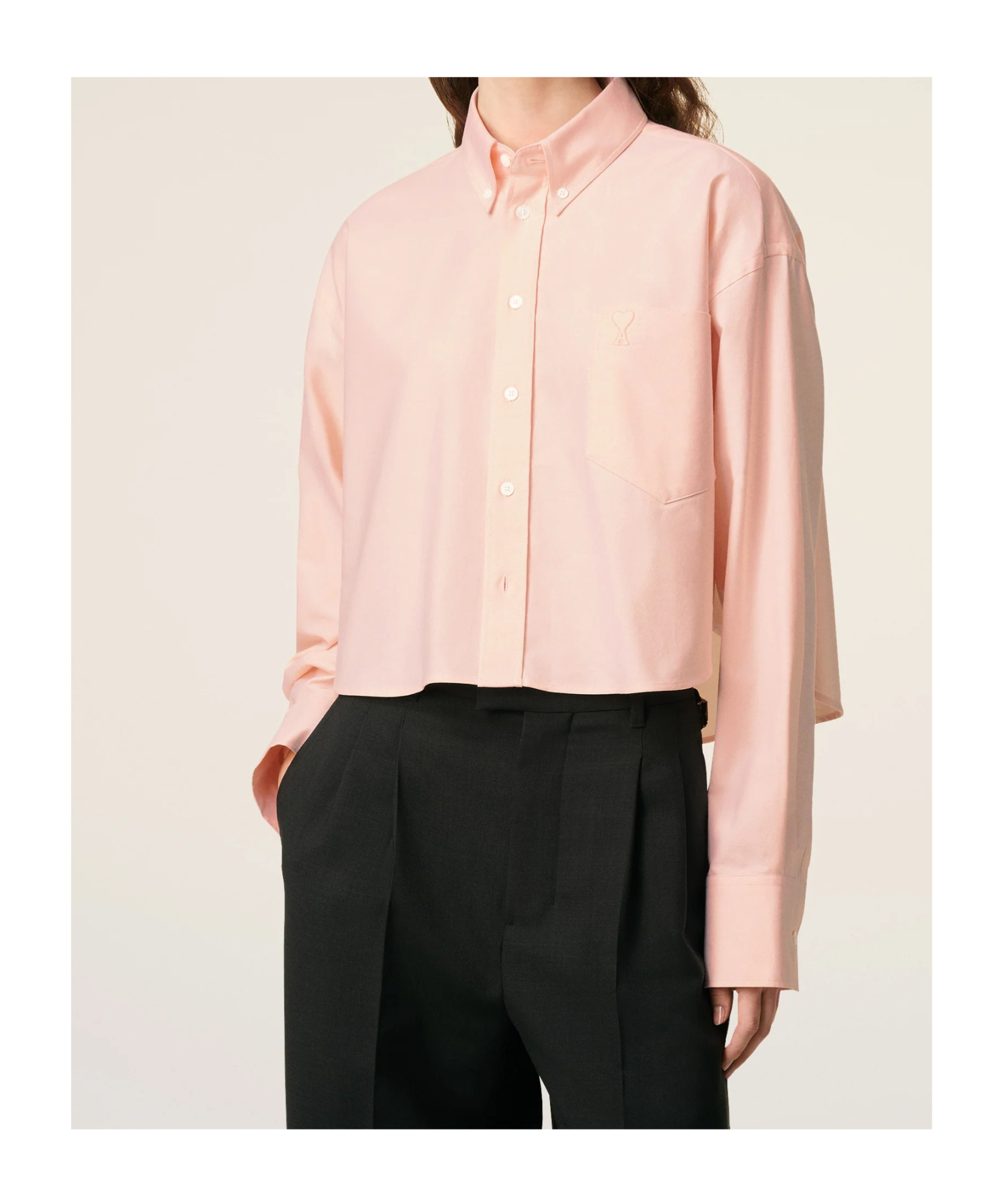Ami Alexandre Mattiussi Pink Cotton Ami De Coeur Cropped Oversized Shirt Pink In Pink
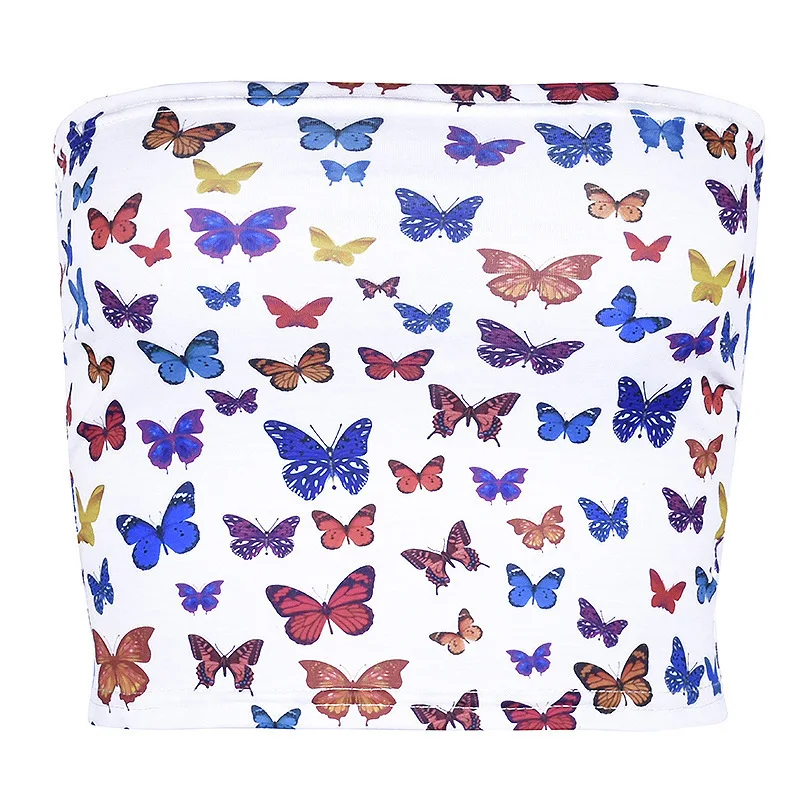 

The new printed strapless T-shirt vest female butterfly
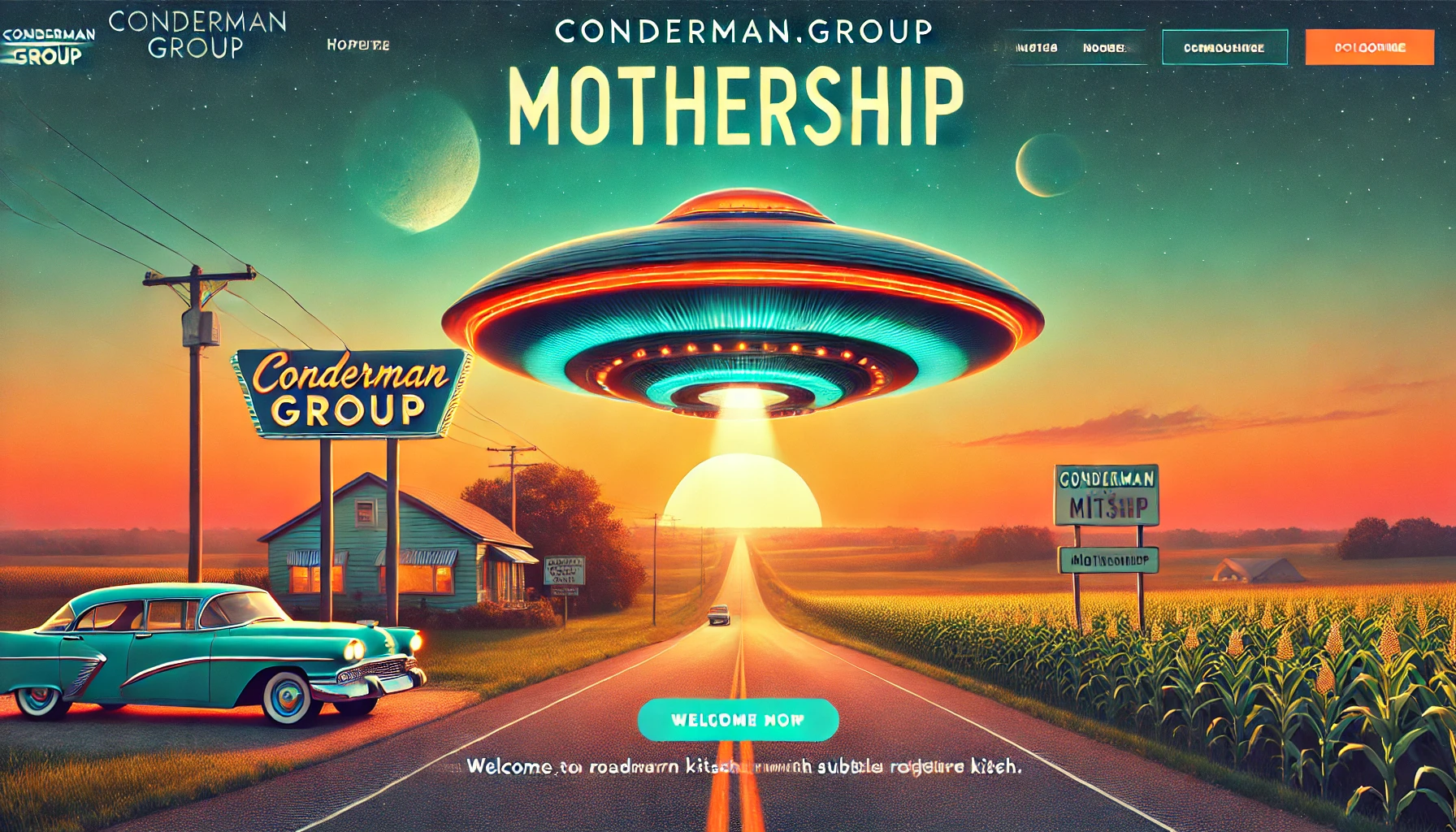 DALL·E 2024-12-14 00.46.24 - A captivating header image for the homepage of Conderman.group. The design features a retro-futuristic mothership hovering over a serene Midwestern la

What is being asked: Transcribe the data exactly and leave no picture in the copy.

Output:
Ami Alexandre Mattiussi Pink Cotton Ami De Coeur Cropped Oversized Shirt Pink In Pink

The new printed strapless T-shirt vest female butterfly
 DALL·E 2024-12-14 00.46.24 - A captivating header image for the homepage of Conderman.group. The design features a retro-futuristic mothership hovering over a serene Midwestern la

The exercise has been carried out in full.